Dengan demikian, berhujjah dengan Hadits pada asalnya merupakan bagian dari berhujjah dengan al-Quran. Mengingkari kehujjahan Hadits berarti mengingkari bagian dari ayat al-Quran. Diantara ayat al-Quran yang menjelaskan hal tersebut semisal:

وَأَنْزَلْنَا إِلَيْكَ الذِّكْرَ لِتُبَيِّنَ لِلنَّاسِ مَا نُزِّلَ إِلَيْهِمْ

“Dan Kami menurunkan kepadamu adz-Dzikr (al-Quran) supaya engkau jelaskan kepada manusia apa yang diturunkan kepada mereka”. (Q.S. an-Nahl : 44)

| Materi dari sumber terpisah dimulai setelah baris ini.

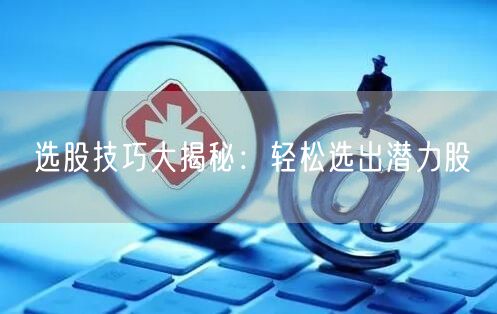 选股技巧大揭秘：轻松选出潜力股
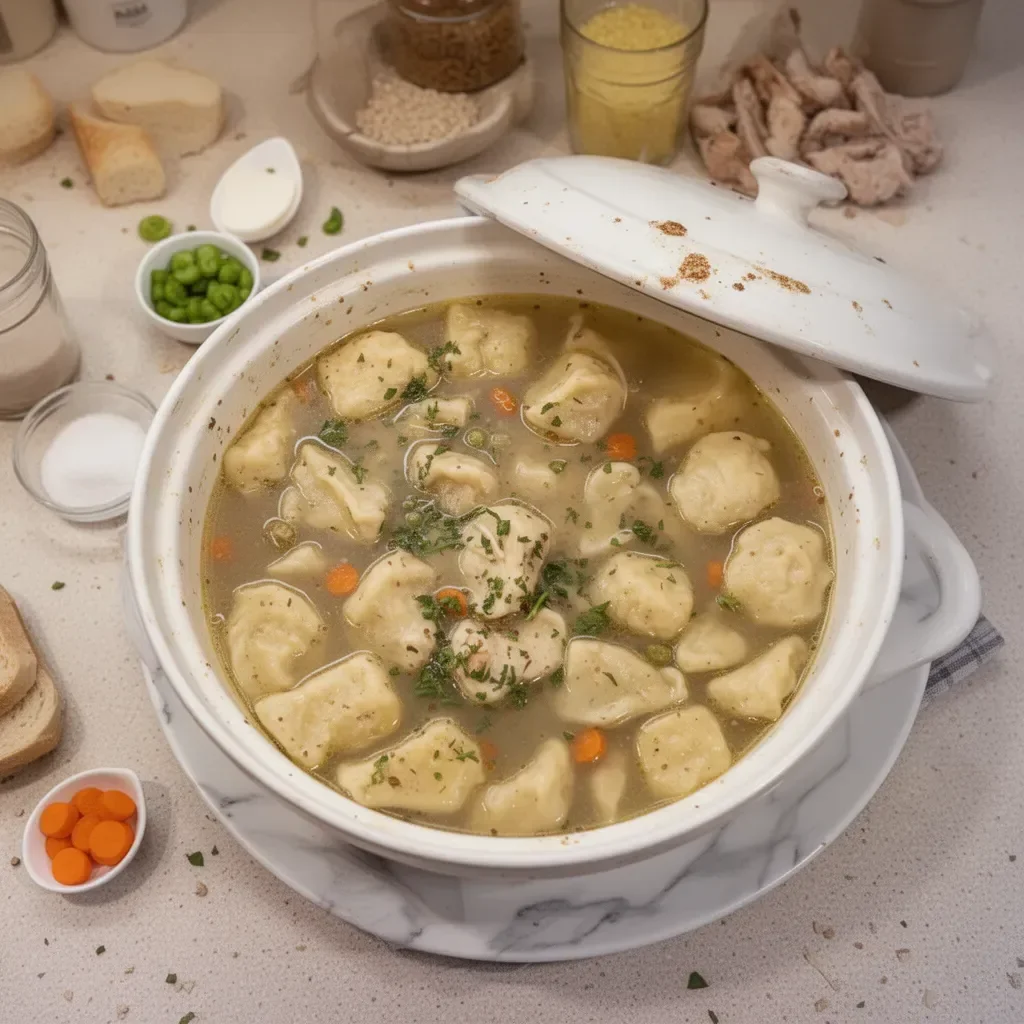 Chicken Dumpling Soup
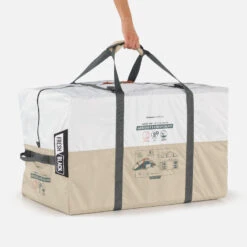 Quechua Tente Gonflable De Camping - Air Seconds 8.4 F&B - 8 Places - 4 Chambres -Offres Camping Boutique tente gonflable de camping air seconds 84 f and b 8 places 4 chambres 4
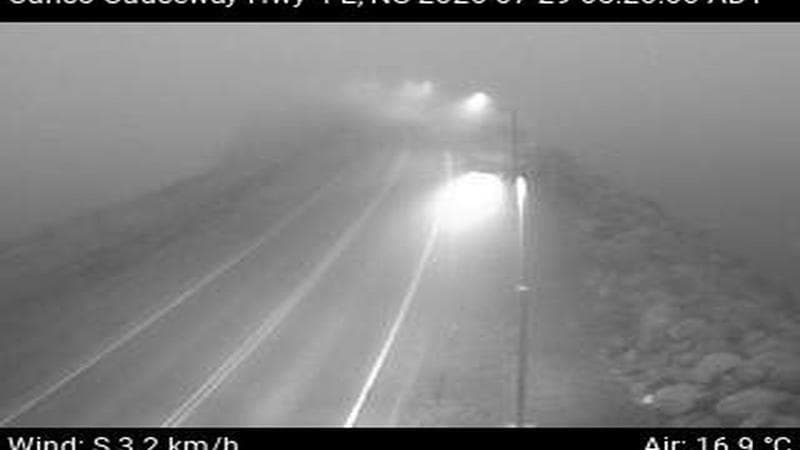 Canso Causeway - Highway 104 E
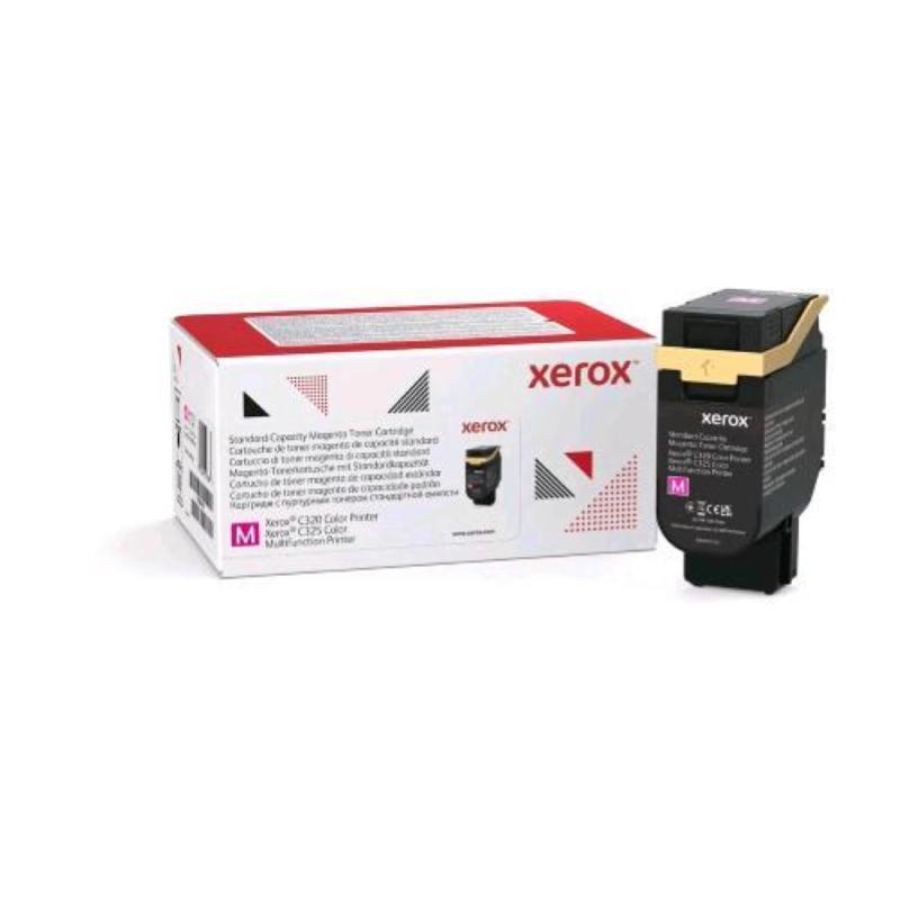 Xerox c320/c325 toner magenta cap stand.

قُلْ إِنْ كُنْتُمْ تُحِبُّونَ اللَّهَ فَاتَّبِعُونِي يُحْبِبْكُمُ اللَّهُ وَيَغْفِرْ لَكُمْ ذُنُوبَكُمْ

“Katakanlah: Jika kalian mencintai Allah maka ikuti saya niscaya Allah mencintai kalian dan mengampuni  dosa-dosa kalian”. (Q.S. Ali Imran : 31)

Sebagian pihak “membela diri” bahwa yang diragukan ialah berbagai periwayatan Ahad yang zhanni (spekulatif), bukan menolak kehujjahan Hadits secara mutlak. Pada prinsipnya, ungkapan tersebut merupakan bentuk lain dari Inkar Sunnah, dikarenakan pada umumnya apa yang disebut sebagai Hadits merupakan periwayatan Ahad. Dapat dikatakan bahwa Hadits yang diriwayatkan secara mutawatir sangatlah sedikit, apalagi yang berupa rincian pemikiran maupun hukum. Tidak ada kalangan fuqaha manapun yang secara sengaja mengabaikan hadits. Sehingga, jika suatu hadits tidak diamalkan sebuah madzhab, bisa jadi hadits tersebut dianggap mardud, mansukh, atau marjuh, sesuai metodologi ushuliyyah yang dipilihnya. Dimungkinkan pula, hadits tersebut merupakan hadits yang di dalamnya terdapat ikhtilaf, baik dalam aspek sanad, rawi, maupun matannya, serta bisa jadi hadits tersebut belum diketahui oleh pihak yang tidak mengamalkannya.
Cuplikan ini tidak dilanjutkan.